* [DATA]
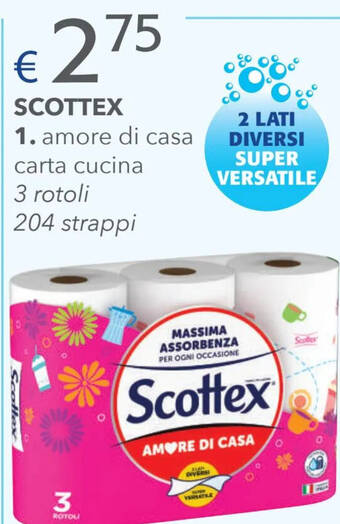 Acqua & Sapone SCOTTEX amore di casa offerta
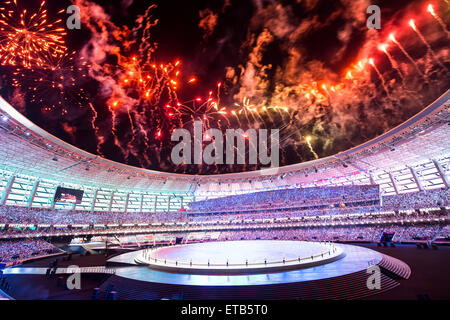 Baku, Aserbaidschan. 12. Juni 2015. Die Eröffnungsfeier der Baku 2015 1. Europäischen Spiele in Aserbaidschan am 12. Juni 2015. Bildnachweis: CTK/Alamy Live-Nachrichten Stockfoto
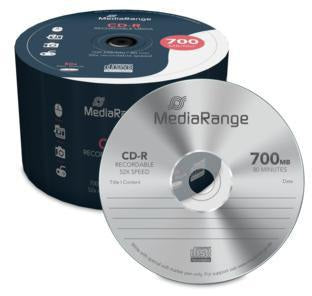 NEUTRALWARE CD-R 80 Min. 700 MB 52x Spindel 50 Stück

* [REQUIRED WORK]
Omitting all images, print the listing exactly.

* [RESULT OF THE TASK]
 Acqua & Sapone SCOTTEX amore di casa offerta
 Baku, Aserbaidschan. 12. Juni 2015. Die Eröffnungsfeier der Baku 2015 1. Europäischen Spiele in Aserbaidschan am 12. Juni 2015. Bildnachweis: CTK/Alamy Live-Nachrichten Stockfoto
 NEUTRALWARE CD-R 80 Min. 700 MB 52x Spindel 50 Stück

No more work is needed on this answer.